Another advantage to a work force of subcontractors is that it
allows the subcontractor to overstock labor. There’s no financial
concern over the fact that you have an installer’s payroll to meet,
for example, and not enough work to cover it. If the workload is
slow, then the subcontractors don’t work and don’t get paid.
In contrast, if you utilize in-house installers, you’re looking
for something for them to do, paying them at times for doing
nothing, or laying them off and risking being subject to
unemployment insurance and related costs. While you’ll be in the
same predicament if your workflow continues to be slow, your subs
will leave or your employees will find another job.
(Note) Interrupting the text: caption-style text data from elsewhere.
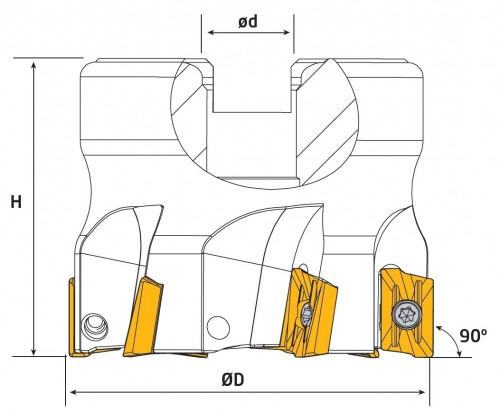 Frézy do rohu i na plochu 90° na destičky BDMT11T3.. s chlazením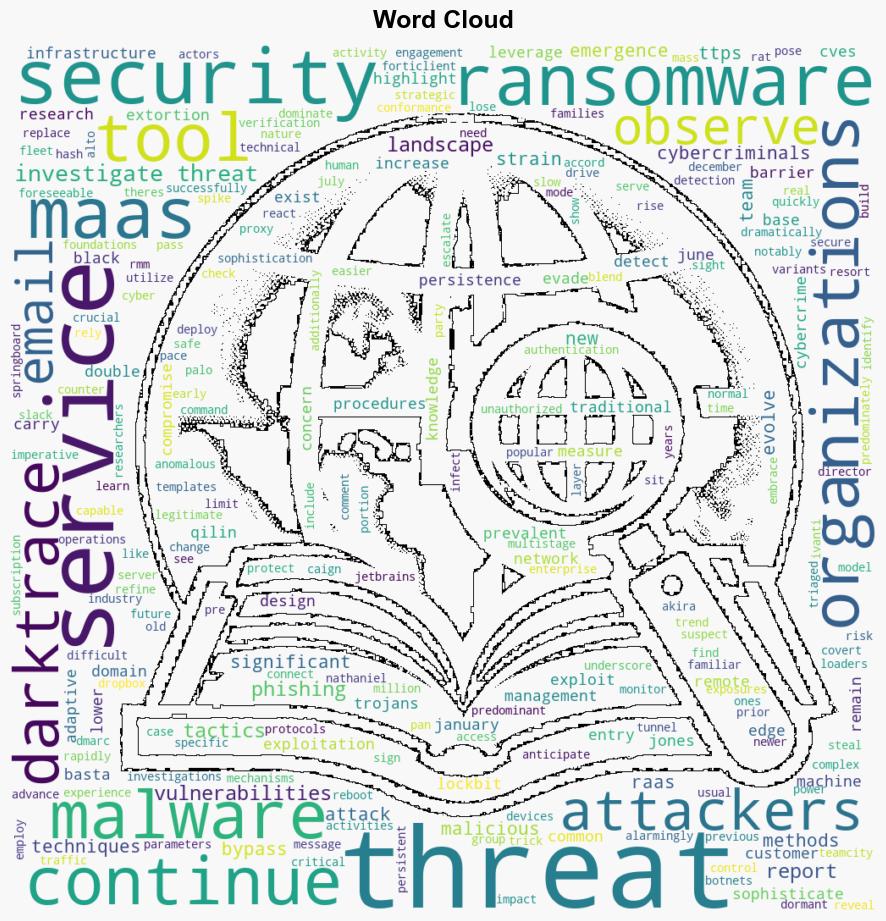 MalwareasaService and RansomwareasaService lower barriers for cybercriminals - Help Net Security - Image 1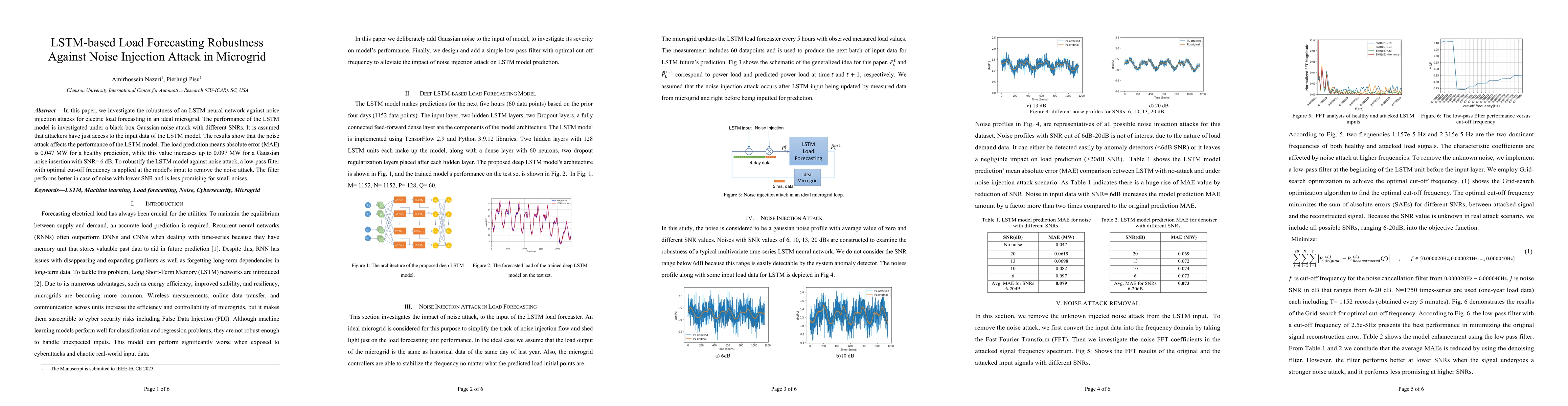 Thumbnail for LSTM-based Load Forecasting Robustness Against Noise Injection Attack in
  Microgrid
In other words,
the financial risks are greatly diminished with the use of
subcontractors.
The use of subcontractors also allows you to specialize an
individual’s skills, and to take advantage of their talents. The
use of subcontractors allows you to use your best people in each
situation and never have to settle.
I’ve often heard that you don’t get the same effort, quality,
loyalty or control from subcontractors as you do with employees.
But that’s simply a result of the relationship you achieve with
your subcontractors. Think of the best supplier you have. Doesn’t
he give you great service and watch out for your interests like
they’re his own? Why does he do that? Because he’s in business to
make money and you help him do that.
FEDERAL GUIDELINES
The most difficult task in
using subcontractors is paying attention and conforming to the
details of the federal government’s definition of a subcontractor.
In general, anything you can do to establish a business-to-business
relationship will aid in your ability to claim that a worker has
subcontractor status.
Some of the more important federal guidelines are as
follows:
- Subcontractors’ ability to generate income from other sources
is key they must prove that you are not their sole source of
income. - You cannot mandate that they come to training sessions or
meetings that you conduct, or mandate that they work specific hours
each day. - Subcontractors must carry their own liability and worker’s
compensation insurance, and have licenses to operate as a
contractor. - They must bill you on a job-by-job basis, on their own company
letterhead.
These are a sampling of the more important issues, but you
should check with anyone you currently use for detailed legal
advice on what to do and what not to do when using
subcontractors.
Our company currently uses subcontractors to do all of our
installations, and has done so for more than 10 years. During the
course of those 10 years, we’ve tried some in-house installers,
with little or no success. We currently produce in excess of $20
million in installed sales annually, with approximately $10 million
coming from kitchen and bath sales. Of the 25 different crews we
use in the kitchen and bath department, our average relationship
with our subcontractors has been in place more than four years.
Many of the installers we use have been with us for more than seven
years.
There are many advantages to using subcontractors instead of
in-house installers, as long as you implement systems and processes
to achieve the desired results you need to be successful. Make each
system work for you and the needs of your company.